Table 2 Evaluation of each modification in tenfold cross-validation before CWGAN

Full size table

Table 3 Evaluation of each modification in tenfold cross-validation after CWGAN

Full size table

Independent test results

Profiling the independent dataset which is orthogonal to training set, the results in Table 4 were consistent with the training results (Table 1), which illustrated the robustness of our predictor. Additionally, the realistic and predicted lysine modification types elucidated the similar mechanisms constant with cross-validation results, which provided an effective way to inform the possibly functional connections among different types (Fig. 4, Table 3 in Additional file: S3). The value of Acc was 0.8549, MCC was 0.8330, CEN was 0.2250 and E_I was 0.1451 after CWGAN in the independent cohort. Table 5 and 6 demonstrated the better predictive performance after CWGAN for each modification type compared without CWGAN. Figure 5 enumerated ROC curves for each modification and the high AUCs suggested that MultiLyGAN harbored excellent predictive ability for the unseen data. In contract to only RF and RF without augmented data, there was a significant improvement in PCC + CWGAN + RF (Table 4 in Additional file: S3). For S₁ and S₃, PCC + CWGAN + RF harbored more precise prediction than PCC + CGAN + RF. The CWGAN and CGAN showed no discriminative difference in the remaining types.

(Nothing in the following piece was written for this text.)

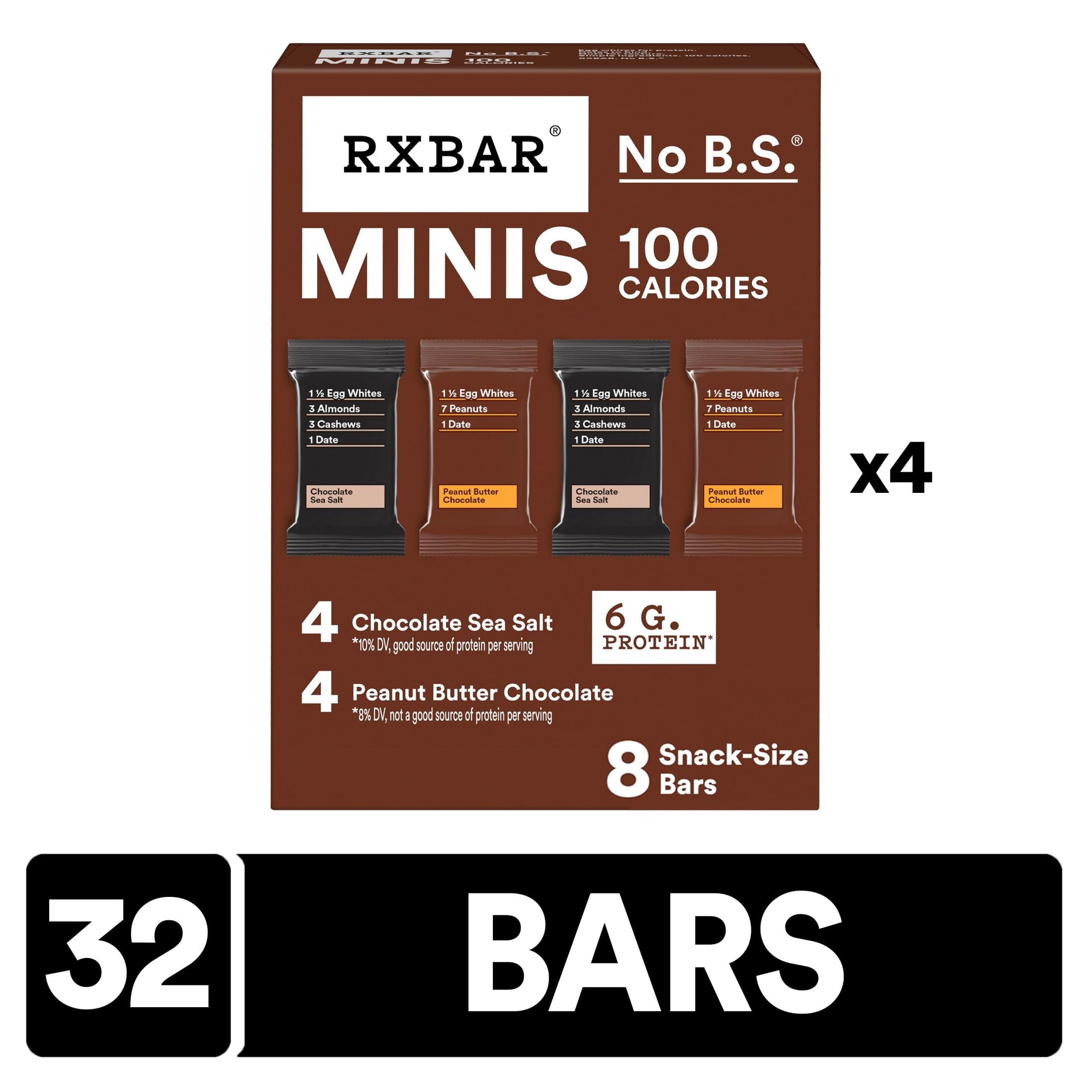 RXBAR Minis Barra de proteínas de 6 g de proteína sin gluten, paquete variado (4 cajas, 32 barras)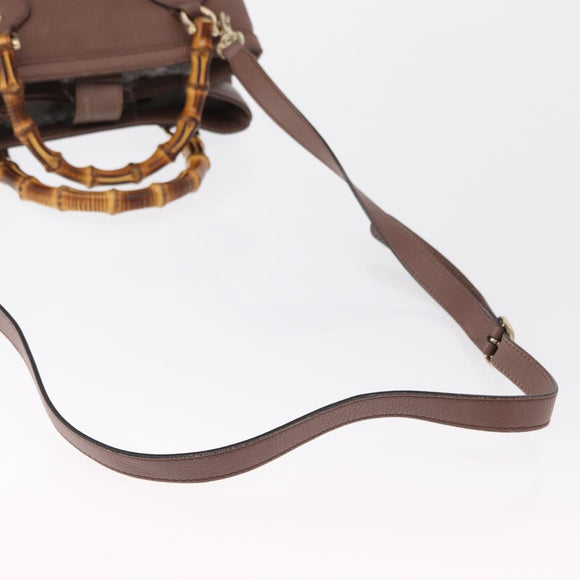 GUCCI Bamboo Hand Bag Leather 2way Pink Gold 308360 Auth ep12689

Table 4 Comparisons of independent test results after PCC, CGAN and CWGAN

Full size table

Table 5 Evaluation of each modification in independent test before CWGAN

Full size table

Table 6 Evaluation of each modification for independent test after CWGAN

Full size table

We investigated one case study on distinguishing two confusing modifications easily to be misclassified, which was illustrated in our paper. For example, Ubiquitination and Acetylation (Fig. 2) were reported they had a direct competition [42], and the opposing role between the two PLMs was successfully supported by mass spectrometric profiling [43]. Additionally, recent papers proposed that more complicated crosstalk mechanism was revealed referring to cell cycle regulation [44]. Therefore, the signaling pathways regulated by the two PLMs might affect the function of proteins, possibly leading to difficult identification. Therefore, it is essential to detect the true label. According to Fig. 1 of Additional file: S3, we showed the detailed mis-prediction results, and the thickness of each line was proportional to the number of misclassified samples. Aided by CWGAN, there was an apparent improvement on that fragments labelled as Ubiquitination were wrongly classified into Acetylation.

Data augmentation results

In addition to the improvement of predictive performance, we evaluated CGAN and CWGAN on loss variations in neural network training. This paper adopted the average distance to evaluate simulation data after GAN training. Firstly, the mean of all real data was calculated. Secondly, the Euclidean distance was calculated between the mean value of the simulated data and the real data for each category (modification) as the distance (Fig. 6a). CGAN's distances were all above 0.1, while CWGAN's distances of 6 categories were below 0.03, which indicated that CWGAN's synthetic data were more similar to the original real data. Distances of CGAN fluctuated, while CWGAN’s was stable in different categories.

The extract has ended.